The end of season playoffs were held at the National Ice Centre in Nottingham during the weekend of 2 and 3 April 2011.

The weekend began with the biggest rivalry in the game, with the Sheffield Steelers playing the Nottingham Panthers. Sheffield took an early 2-goal advantage, but Panthers fought back, and went on to steal the game 4–3 in overtime, Robert Lachowicz scoring the winning goal. The second semi-final between Cardiff Devils and Belfast Giants saw Cardiff win by 4 goals to 1, seen by many as an upset, as Belfast were fancied to take the crown.

The title was won by the Nottingham Panthers after defeating Cardiff Devils 5–4 in a closely fought final, where again Nottingham came from two goals down.

==Challenge Cup==

- NOTE: Some Cup games double up as League games due to scheduling constraints.

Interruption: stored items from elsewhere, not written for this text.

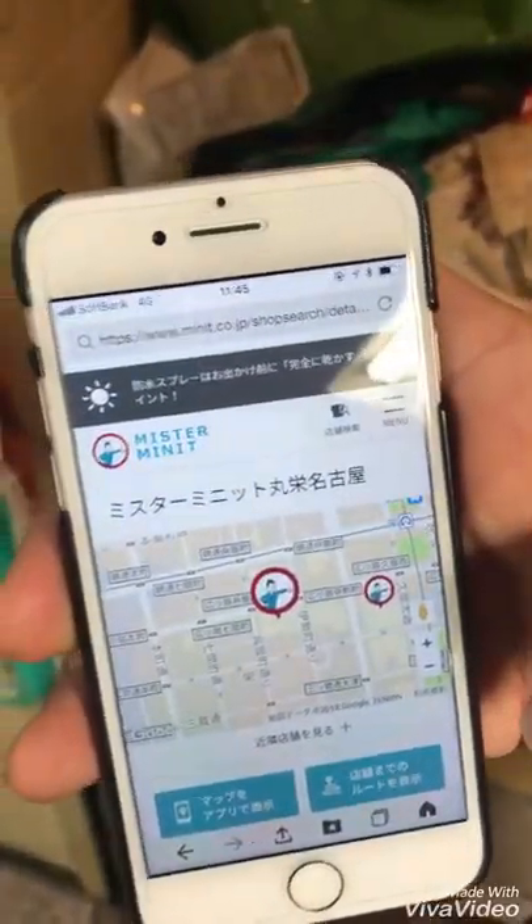Sumimasen. Shuri Kobo wa doko desu ka? The person inside points us toward the first floor. Okay, first floor.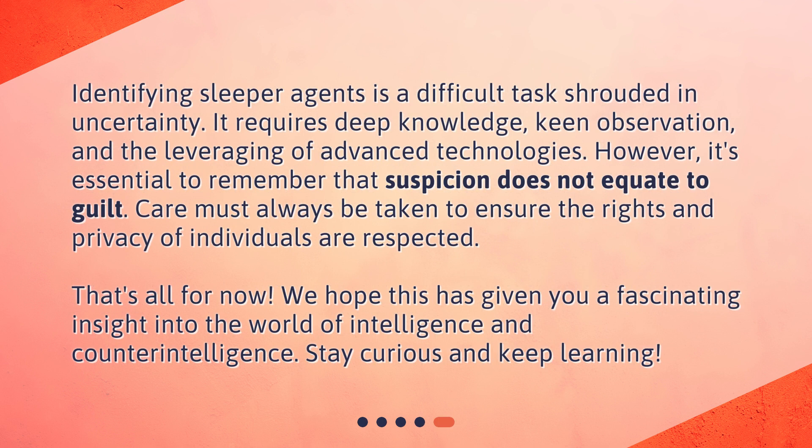Identifying sleeper agents is a difficult task shrouded in uncertainty. It requires deep knowledge, keen observation, and the leveraging of advanced technologies. However, it's essential to remember that suspicion does not equate to guilt. Care must always be taken to ensure the rights and privacy of individuals are respected. That's all for now. We hope this has given you a fascinating insight into the world of intelligence and counterintelligence. Stay curious and keep learning!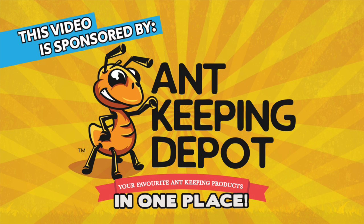This video is sponsored by Ink Keeping Depot. Click on the link in the description to check out their website.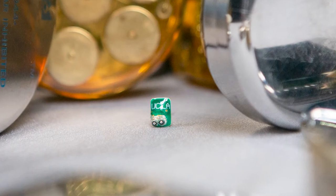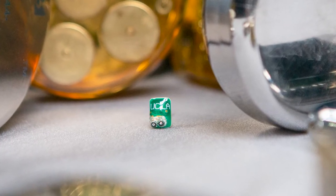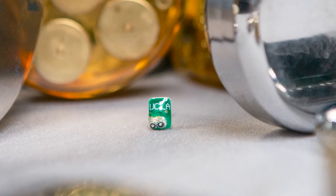Smaller devices, smaller pacing leads mean that there's less damage — mechanical damage, mechanical trauma to the body. In some of the work that we're doing without even having a wire or a pacing lead, those leads often can fracture, they can get infected. So you're eliminating that variable.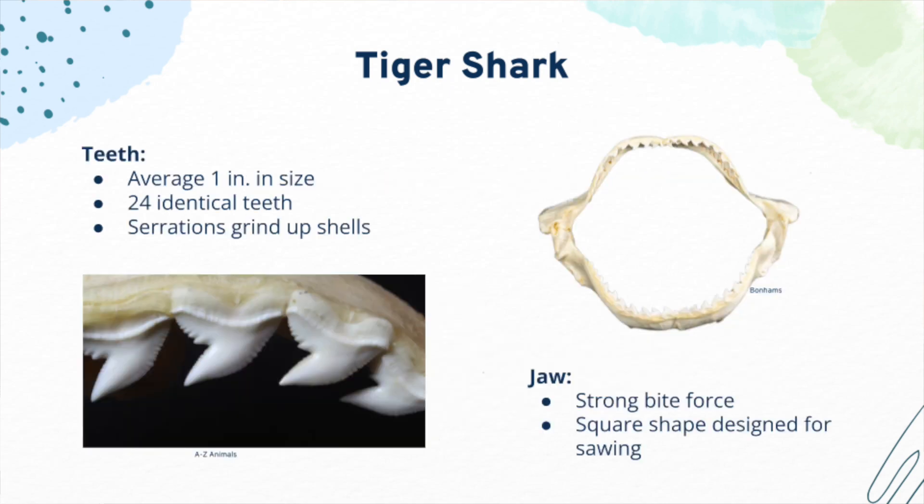Tiger sharks have 24 teeth on the upper and lower jaws that are all the same size and shape. These teeth average about 1 inch in size and have serrations, or sharp ridges, along the edges and a pointed tip to cut up their large prey. Their jaws are also square in shape and work together with their serrated teeth to saw their prey, allowing them to crush through tough objects like turtle shells. Tiger sharks have an incredibly strong bite force, and the flat area of the teeth along the point protects the shark's teeth from their strong bites. Because tiger sharks have identical teeth on both the upper and lower jaws, this allows them to tear through their prey with both jaws at once.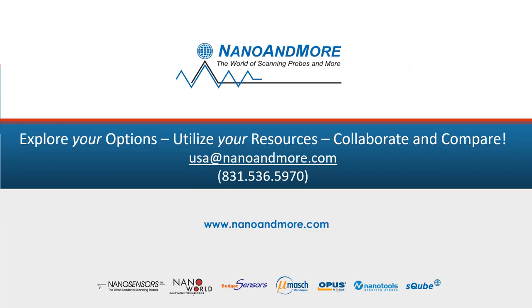As always, if you have any further questions, please contact us directly. Happy scanning!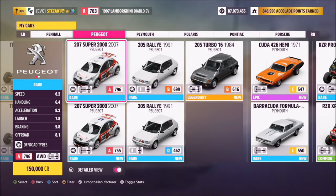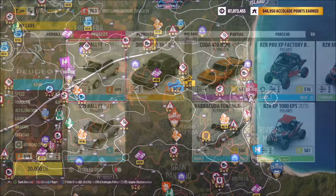There are only really three Peugeots to pick from - a couple of 205s and a 207. I went for the 205 Turbo, but you can use whichever one you want.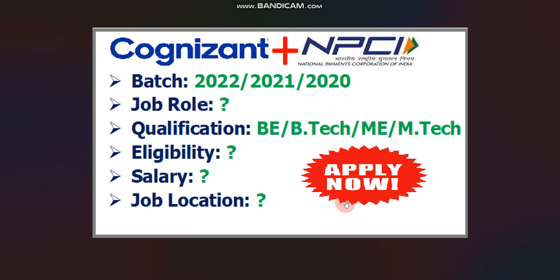Hello everyone. I hope you are doing well. In this video, I will give you two job updates. One is from Cognizent and another is from NPCI, National Payments Corporation of India. Cognizent is hiring 2021 and 2020 passout batch, and NPCI is hiring 2022 and 2021 passout batch.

Top 2 in each group qualify for Semi-finals

(Q) means teams has qualified for Semi-finals

===Group A===

| Position | Team | GP | W | L | T | GF | GA | GD | Pts |
|---|---|---|---|---|---|---|---|---|---|
| 1 | Belfast Giants (Q) | 8 | 5 | 1 | 2 | 31 | 20 | +11 | 12 |
| 2 | Newcastle Vipers (Q) | 8 | 4 | 2 | 2 | 32 | 29 | +3 | 10 |
| 3 | Braehead Clan | 8 | 4 | 3 | 1 | 31 | 24 | +7 | 9 |
| 4 | Edinburgh Capitals | 8 | 3 | 4 | 1 | 24 | 27 | −3 | 7 |
| 5 | Dundee Stars | 8 | 0 | 6 | 2 | 18 | 36 | −18 | 2 |

===Group B===

| Position | Team | GP | W | L | T | GF | GA | GD | Pts |
|---|---|---|---|---|---|---|---|---|---|
| 1 | Nottingham Panthers (Q) | 8 | 3 | 1 | 4 | 23 | 15 | +8 | 10 |
| 2 | Cardiff Devils (Q) | 8 | 3 | 1 | 4 | 33 | 31 | +2 | 10 |
| 3 | Sheffield Steelers | 8 | 4 | 3 | 1 | 32 | 29 | +3 | 9 |
| 4 | Coventry Blaze | 8 | 3 | 4 | 1 | 22 | 23 | −1 | 7 |
| 5 | Hull Stingrays | 8 | 1 | 5 | 2 | 19 | 31 | −12 | 4 |

===Challenge Cup Knockout Stages===

- The Knockout Stages will be played over 2-Legs, Home and Away. (Aggregate Scores shown, First and Second Leg scores in brackets)

==Aladdin 20–20 Cup==

The success of the Aladdin 20–20 Cup during the previous season led the EIHL to schedule a second such contest. The second 20–20 Cup took place in Nottingham on Saturday, 12 March 2011 and included four teams: the Nottingham Panthers, Sheffield Steelers, Coventry Blaze and Braehead Clan.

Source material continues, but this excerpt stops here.